Hacker News new | ask | show | jobs
by sandov 2244 days ago
Tangential (and noob) question: Could there be an encryption+compression scheme where:

1. Sender sends an encrypted stream at K bps.

2. Server takes the encrypted stream and compresses it, without decrypting anything. It then sends encrypted+compressed stream at J bps (J<K) to end recipient.

3. The end recipient decrypts the compressed stream using a key provided by the original sender, not the server.

This with reasonably secure encryption and reasonably size-efficient codecs, obviously. So the step 2 would add compression additional to the compression of the original codec.

Is this mathematically possible?

6 comments

If the data is encrypted well, it should be indistinguishable from random noise.

You can't compress random noise.

Ergo, you can't compress encrypted data. It's a nice idea though.

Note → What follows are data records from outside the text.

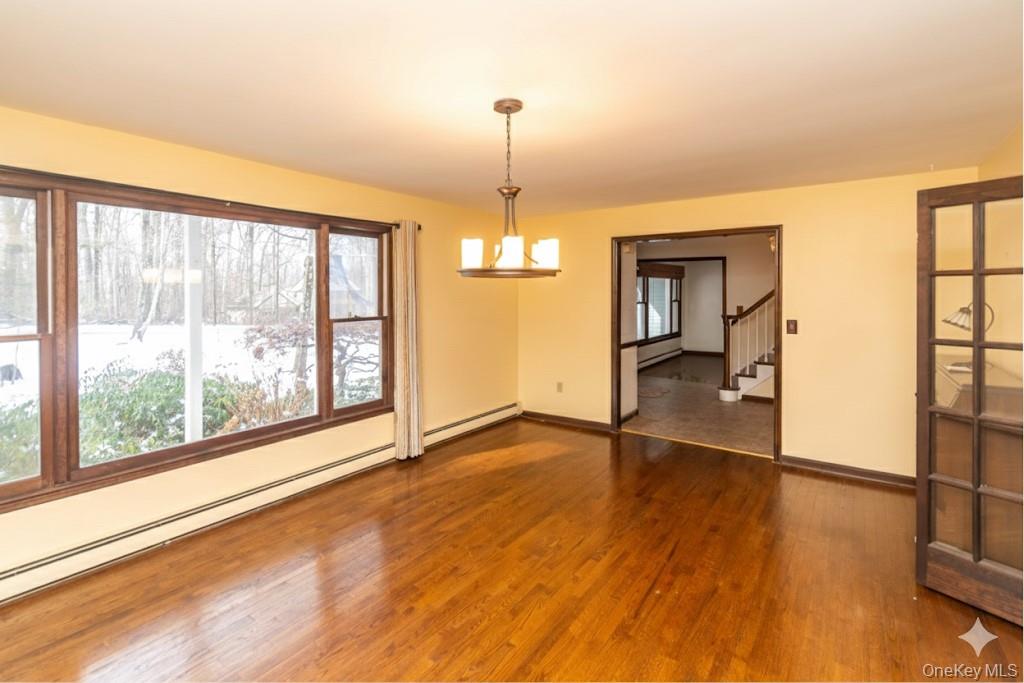 #18 photo, 9 Brook Place, 纽约州 Wappingers Falls , NY 12590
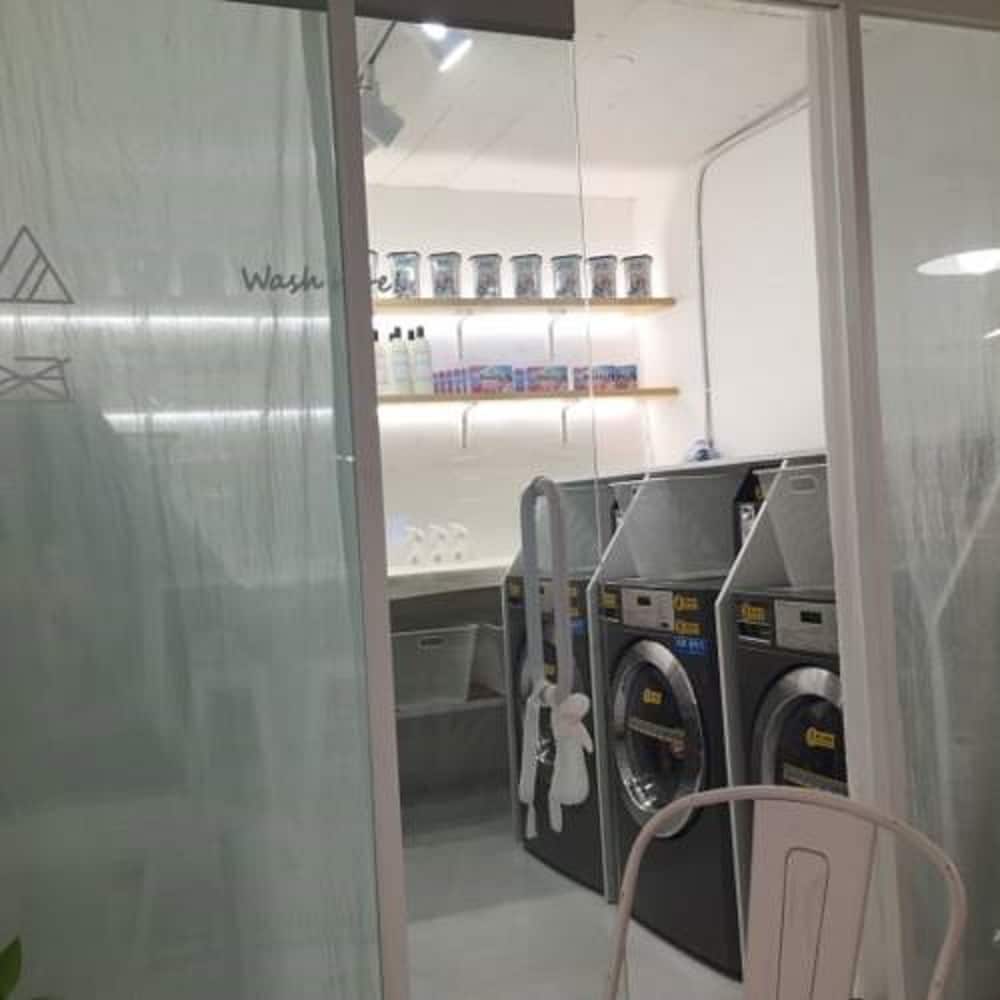 Фото Hotel Kobos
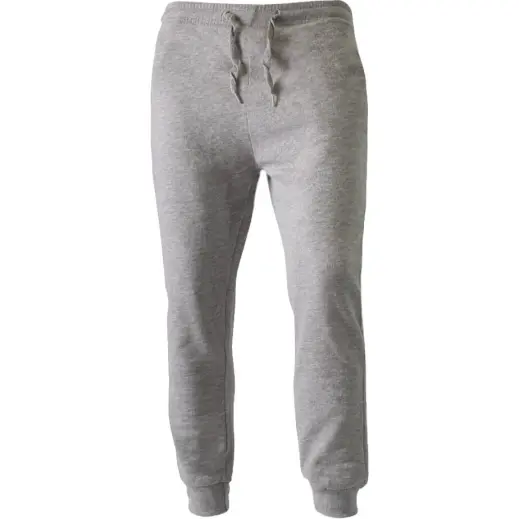 FWRD Joggers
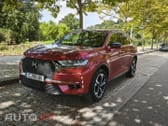 DS DS7 Crossback 1.5 BlueHDi So Chic EAT8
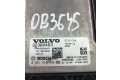 Řídící jednotka 32360463   Volvo XC40 2021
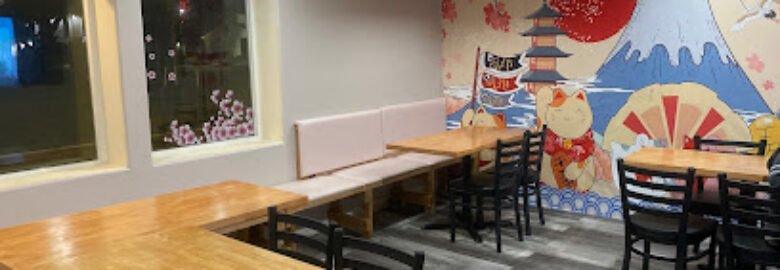 Tong King – Garden Restaurant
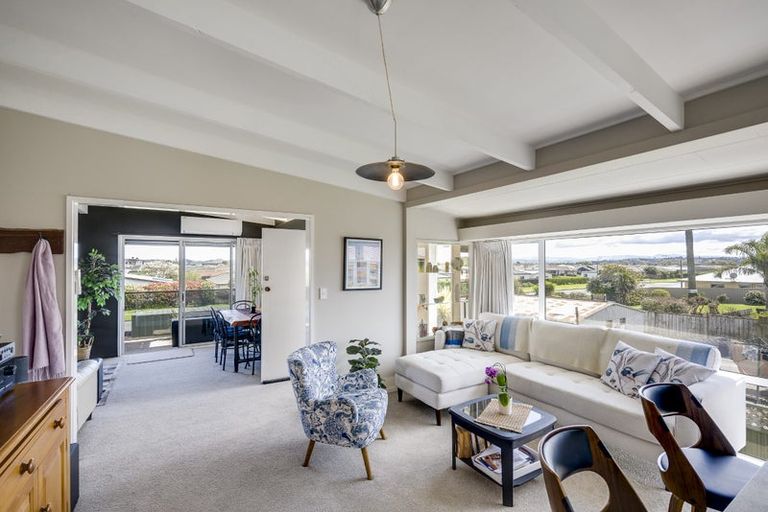 Photo of property in 180 Te Awa Avenue, Awatoto, Napier, 4110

Generally it's not possible to compress well encrypted data with any meaningful scheme, but if your encryption is stream cipher based, you can subsample a stream of PCM audio on the server quite easily, by just removing, say every second byte (or every second pair of bytes). Then decrypting entities can insert dummy data at every second byte position, xor with the encryption stream and discard the data again, replacing it with interpolated data instead. Probably the same can be done for uncompressed image data, but any kind of serious compression wouldn't be possible and this simple compression can already be done on the clients without much overhead. So I guess it's mostly of theoretical use.

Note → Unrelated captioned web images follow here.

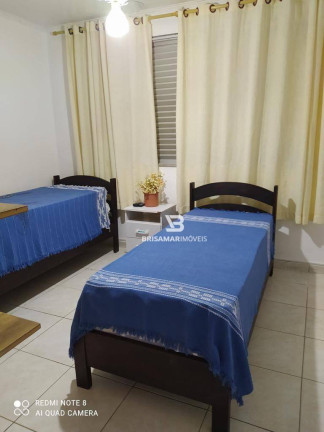 Imagem Apartamento com 2 Quartos à Venda ou Locação, 75 m² em Astúrias - Guarujá Imagem Apartamento com 2 Quartos à Venda ou Locação, 75 m² em Astúrias - Guarujá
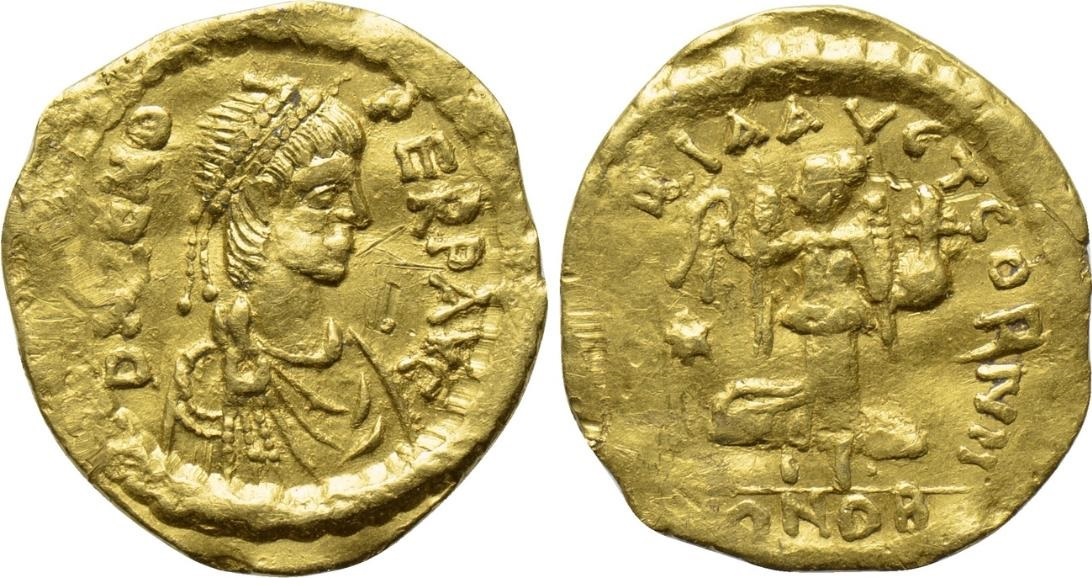 7 474-491 Zeno Tremissis 1,46g14mm RIC923 var. (rev. legend).jpg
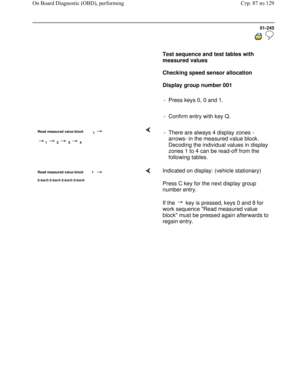 Page 253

You would rather have each client send streams in multiple resolutions, say one in 1080p and one in 480p, and then make the central server decide which stream to send to which client. Taking one step further, the clients can be asked to adjust the quality of the stream they are sending depending on which streams they need. There are obvious latency concerns, but there are also bandwidth savings in having less data being uploaded by clients. Actually the bandwidth use is highest if the client uploads an uncompressed or barely compressed unencrypted stream for the server to compress. It's much better if the client's hardware did the compressing part.

Usually you compress first then encrypt. Unencrypted data has better compression ratio.

Also modern video data is already compressed where most frames are difference data.

Generally speaking, video compression algorithms are 'lossy' (cause a reduction in quality) and need to be able to 'see' the video in order to compress it. The compression typically removes details that are not perceivable by humans (this is also the case for image and audio compression), and by sending just the changes from frame to frame, rather than each entire frame. For both of these, the compression algorithm needs knowledge of the video stream, which would be impossible if it's compressed.

You could try to use a lossless compression algorithm (such as used by zip), but those are effectively useless on video in general, and even more so on encrypted data, which appears to be random.

Thanks for your answer.

> the compression algorithm needs knowledge of the video stream, which would be impossible if it's compressed.

That makes perfect sense and I guess my theory of secure encryption + post-re-compression fails because of this. But what if we didn't need perfectly secure encryption, but just per-block encryption. So the server knows that you've sent 60 frames, but doesn't know what is in those frames.

What if the codec was made in such a way that the server knew that certain blocks in the stream could be discarded to reduce size while the stream without those blocks still makes sense to the recipient.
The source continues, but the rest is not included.